Spring showers are wonderful for May flowers, but not so great for roadways. Seventy-three percent of weather-related crashes in the United States are due to wet pavement, making it the most dangerous weather-related road condition. During snow storms, many people slow down and drive more cautiously than they normally do, but the same is generally not true for rainstorms, as most drivers continue to drive at the speed limit, treating the roads as if they were still dry.

Rain and roadways are a dangerous combination

Driving in the rain is dangerous and should be treated as such. When roads are wet, be sure to slow down, turn off cruise control, and pay careful attention. Rainstorms are a terrible time to be driving while distracted. Auto accidents from rain can be caused by slick roadways, limited visibility, or hydroplaning, and each is equally dangerous.

Slick roadways

Water will make any surface slick, but roadways become especially slick due to the added factor of oil buildup. Conditions for slick roads are made worse during the initial downpour and in regions that have little rainfall. The best method to prevent sliding on slick roadways is to slow down. Posted speed limits represent the speed you should be traveling in ideal conditions, so every driver should drive under the speed limit when it rains.

It’s also important during rainstorms to give other drivers extra space. Follow behind vehicles at a greater distance, giving yourself a safe distance to react if something should happen to you or the other vehicle.

Limited visibility

A rainstorm will always cause limited visibility. Heavy downpours, fog, and a darkened sky can make it hard to see, especially while moving at high speeds. All states have laws that require headlights to remain on in times of limited visibility. Keeping headlights on will help you see better in front of you and will also help other drivers see your vehicle.

Watch semi-trucks and vehicles pulling trailers closely. These types of vehicles have limited mirror visibility in good weather, but especially poor visibility in inclement weather. Be sure to stay out of their blind spot and create an extra safe buffer around them when passing.

Avoid pulling off on the side of the road during times of limited visibility. Many drivers will follow the tail lights of the vehicle in front of them, since that’s all they can see. Pulling off the side of a roadway to stop is dangerous, because trailing vehicles may follow you and rear end your vehicle. If you must make an emergency stop, drive slowly with hazard lights blinking until you reach a safe exit.

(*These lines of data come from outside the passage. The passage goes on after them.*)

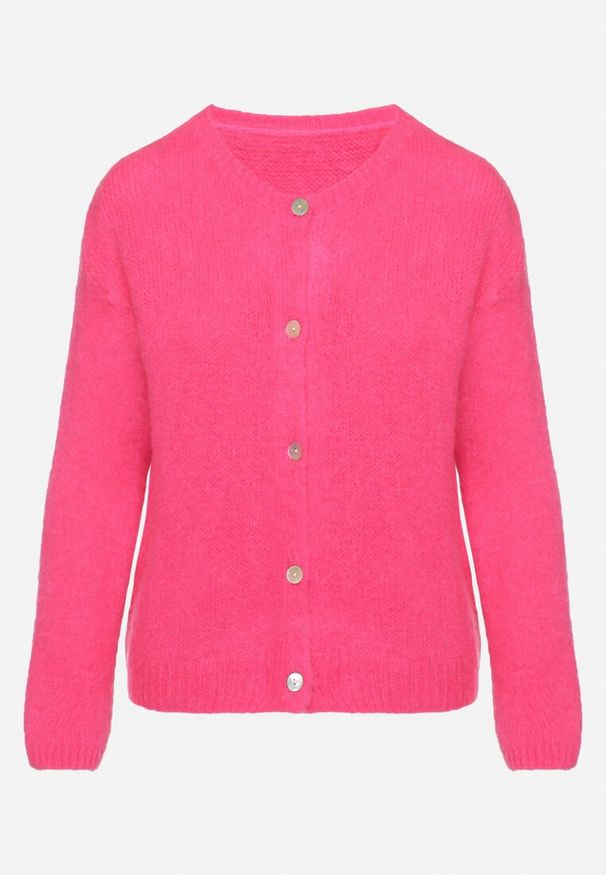 Born2be - Fuksjowy Klasyczny Kardigan z Wełną i Moherem Noloria. Okazja: na co dzień. Kolor: różowy. Materiał: moher, wełna. Długość rękawa: długi rękaw. Długość: długie. Wzór: aplikacja. Styl: klasyczny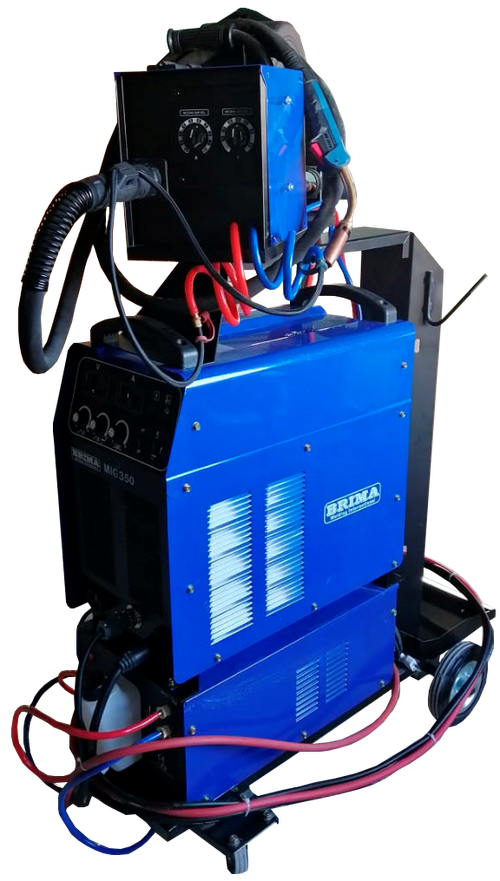 ПОЛУАВТОМАТ MIG-350 (380В) (15кг) "BRIMA" С ТЕЛЕЖКОЙ И БЛОКОМ ОХЛАЖДЕНИЯ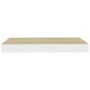 Estante flotante de pared MDF roble y blanco 50x23x3,8 cm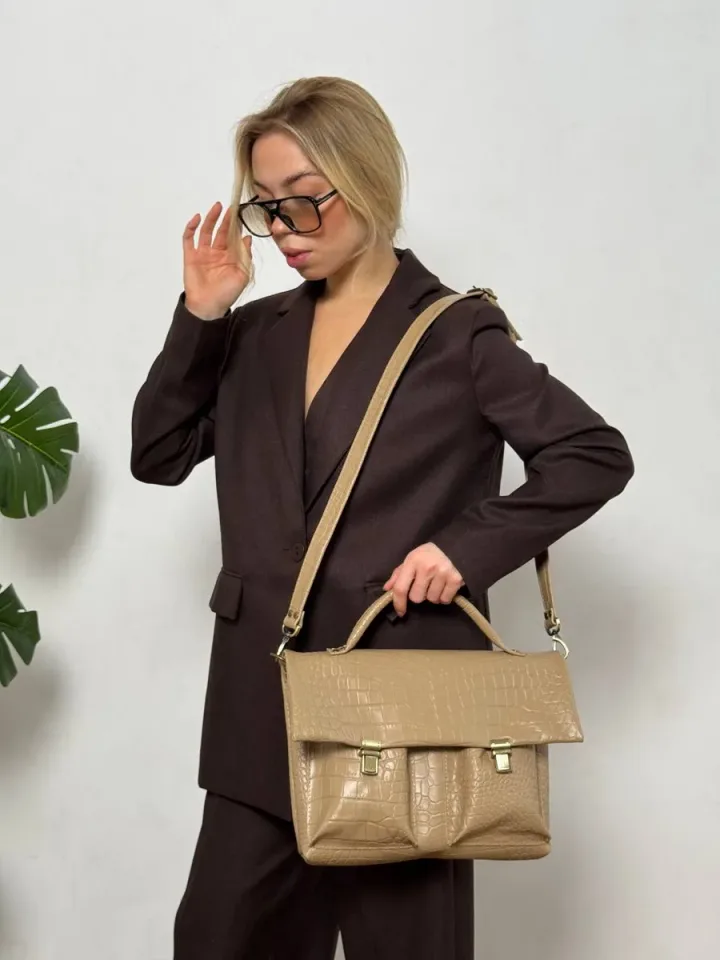 Кожаный портфель кожа натуральная цвет бежевый/кайман — фото 8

Hydroplaning occurs when your tires lose contact with the road and your tires “float” on the water. Tires no longer have traction with the road, and the vehicle can become uncontrollable. You may have felt this sensation driving through a puddle and feeling a slack in your steering wheel. This is a good indication you are hydroplaning, and it’s a good idea to learn proper reactions before it occurs.

The first reaction to have when you realize your vehicle is hydroplaning is to ease your foot off the gas pedal. It may be tempting to slow the vehicle by heavily applying the brake, but don’t do it. If your vehicle does not recover when you simply let off the gas pedal, gently apply the brake. If the vehicle is an older model, it may not have anti-lock brakes, in which case you should use slow, steady pumps on the brake instead of a firm application. As you are reacting with the foot pedals, be sure to firmly hold the steering wheel while gently keeping the vehicle moving straight.

Always have healthy tires on your vehicle

The need for good tires on your vehicle cannot be overstated. Having tires with deep tread can prevent your car from slipping on slick roads and help prevent hydroplaning. The tread helps disperse water away from the tires, giving the vehicle better traction with the roadway.

To keep your tires in safe condition, make sure they are rotated and balanced regularly. This will ensure your tires are wearing evenly and will also give your mechanic a chance to tell you when your tires need to be replaced before they become dangerous. You can also easily check the tread on all four tires at home. Insert a penny into each tire’s tread, with Lincoln’s head upside-down and facing outward. If the top of his head is covered by your tread, your tires are still healthy. If you can see Lincoln’s entire head, it is time to get new tires. Be sure to test all of your tires as well as multiple points around each tire.

What to do if you are in an accident

Being involved in an auto accident in the rain is unfortunately very common. As with other safety measures, it’s best to understand how to handle the situation before it occurs to ensure that it’s handled properly.

How to react during an accident depends on where the accident has occurred and the severity of the incident. If possible, it’s best to move the vehicles out of the roadway, away from passing traffic. If it is raining and there is limited visibility, it is best to move the vehicles to the nearest exit, with hazard lights flashing. When you are safely away from moving traffic, you can exchange information and then call a tow truck.

If the incident is severe enough that it is impossible to move the vehicles, the amount of traffic will determine whether you should exit your vehicle. On a rural road without traffic, exit your vehicle and move at least 30 feet from the roadway to call authorities. Freeway accidents are more dangerous, because exiting the vehicle can put you into the path of oncoming traffic. Remain inside the vehicle until traffic has slowed enough and you can safely exit the roadway.

The best thing to do after an accident in inclement weather is to call the police. They can respond quickly and will have flares available to control traffic. You will then be able to safely call a tow truck for assistance.